See RAPTOR for full documentation.
from latent.rag.raptor import RaptorAdapter
raptor = RaptorAdapter(
embedding_model="text-embedding-3-small",
summarization_model="gpt-4o-mini",
qa_model="gpt-4o-mini",
tb_num_layers=3,
tr_top_k=5,
)
raptor.build_tree("Your document corpus here...")
context = raptor.retrieve("What is the main theme?")
answer = raptor.answer("What is the main theme?")
raptor.save_tree("tree.pkl")
raptor.load_tree("tree.pkl")
RAPTOR is also available as a backend type in PipelineBuilder:
pipeline = builder.build({
"backend": {"type": "raptor", "tree_depth": 3, "summary_model": "gpt-4o-mini"},
})
End-to-End Example¶
Build a hybrid RAG pipeline with reranking, index a document corpus, search with quality metrics, and tune hyperparameters.
from latent.rag import (
PipelineBuilder,
RAGResearchAgent,
RecallAtKMetric,
MRRMetric,
)
# 1. Define pipeline config
config = {
"chunker": {"max_size": 512, "overlap": 100},
"embeddings": {"provider": "voyage", "model": "voyage-3"},
"backend": {"type": "hybrid", "alpha": 0.7},
"retrieval": {"top_k": 10},
"reranker": {"type": "cross_encoder"},
"post_retrieval": {"type": "reorder"},
}
# 2. Build and index
builder = PipelineBuilder()
pipeline = builder.build(config)
documents = [open(f).read() for f in doc_files]
sources = [str(f) for f in doc_files]
n_chunks = pipeline.index_documents(documents, sources)
print(f"Indexed {n_chunks} chunks")
# 3. Search
results = pipeline.search("How do I configure authentication?")
for chunk in results:
print(f" [{chunk.score:.3f}] {chunk.source} > {chunk.section_path}")
print(f" {chunk.content[:100]}...")
# 4. Evaluate retrieval quality
from latent.rag import recall_at_k, mrr
eval_questions = [
{"query": "How to configure auth?", "relevant_chunk_ids": ["a1", "a2"]},
{"query": "What are the defaults?", "relevant_chunk_ids": ["b1"]},
]
for q in eval_questions:
chunks = pipeline.search(q["query"])
ids = [c.id for c in chunks]
relevant = set(q["relevant_chunk_ids"])
print(f"Recall@10: {recall_at_k(ids, relevant, 10):.2f}")
print(f"MRR: {mrr(ids, relevant):.2f}")
# 5. Auto-tune with RAGResearchAgent
researcher = RAGResearchAgent(
documents=documents,
eval_data=eval_questions,
metrics=[RecallAtKMetric(k=10), MRRMetric()],
max_trials=30,
embedding_provider="voyage",
embedding_model="voyage-3",
)
result = researcher.run()
print(f"Best config: {result.best_pipeline_config}")
print(f"Best score: {result.best_score:.4f}")
# 6. Rebuild with optimized config
optimized_pipeline = builder.build(result.best_pipeline_config)

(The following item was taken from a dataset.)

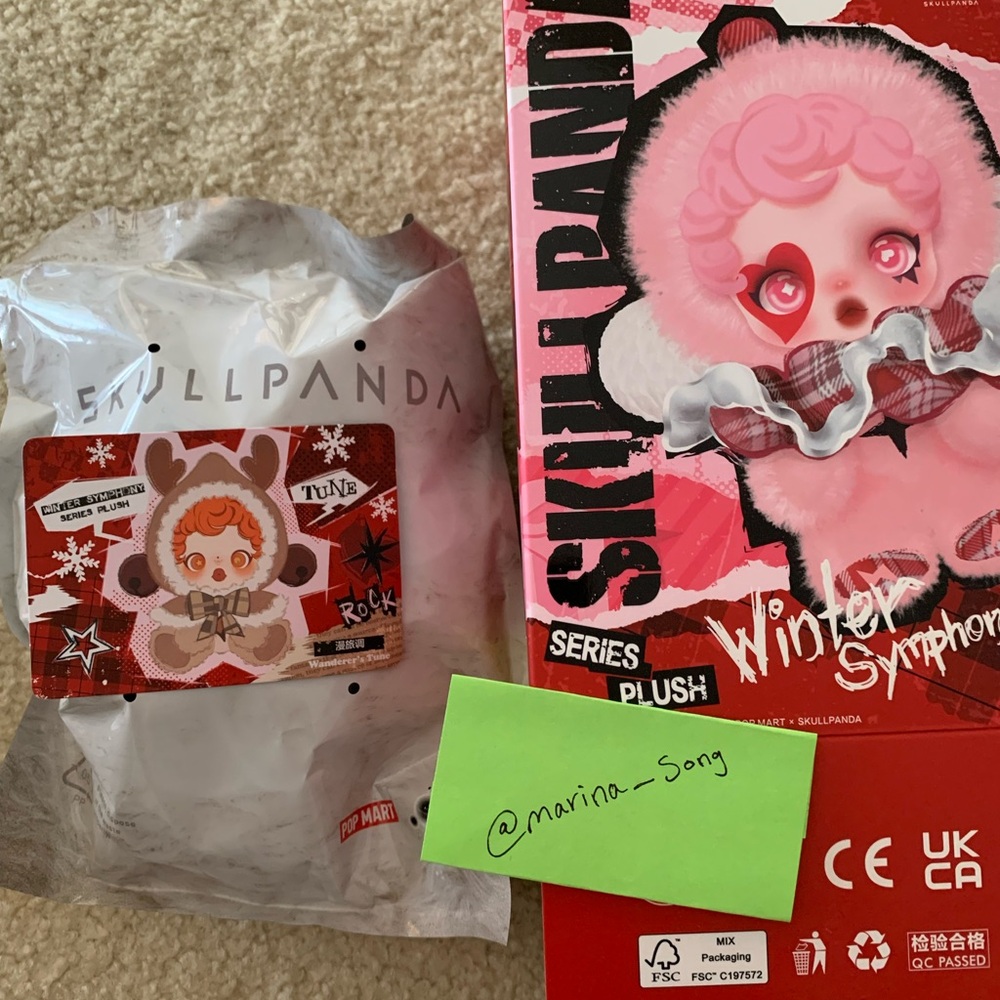 🍦❤️SKULLPANDA - WINTER SYMPHONY PLUSH PENDANT (Wanderer’s Tune) SEALED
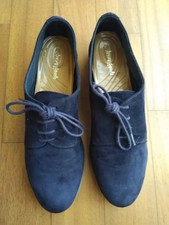 Scarpe donna usate n° 35 scamosciate blu in ottimo stato marca Le Scarpe di Pao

optimized_pipeline.index_documents(documents, sources)
# Cleanup
builder.cleanup()
Protocols¶
Implement these protocols to create custom components:
from latent.rag import Retriever, EmbeddingProvider, QueryExpander
class MyRetriever:
def search(self, query: str, k: int = 5) -> list[RetrievedChunk]: ...
def search_multi(self, queries: list[str], k: int = 5) -> list[RetrievedChunk]: ...
def search_with_threshold(self, query: str, k: int = 5, threshold: float = 0.0) -> list[RetrievedChunk]: ...
def add_texts(self, texts: list[str], metadatas: list[dict] | None = None) -> None: ...
def delete_collection(self) -> None: ...
class MyEmbeddingProvider:
def embed_documents(self, texts: list[str]) -> list[list[float]]: ...
def embed_query(self, text: str) -> list[float]: ...
class MyQueryExpander:
def expand(self, query: str) -> list[str]: ...
def expand_tokens(self, query: str) -> list[str]: ...
All protocols use @runtime_checkable for isinstance checks.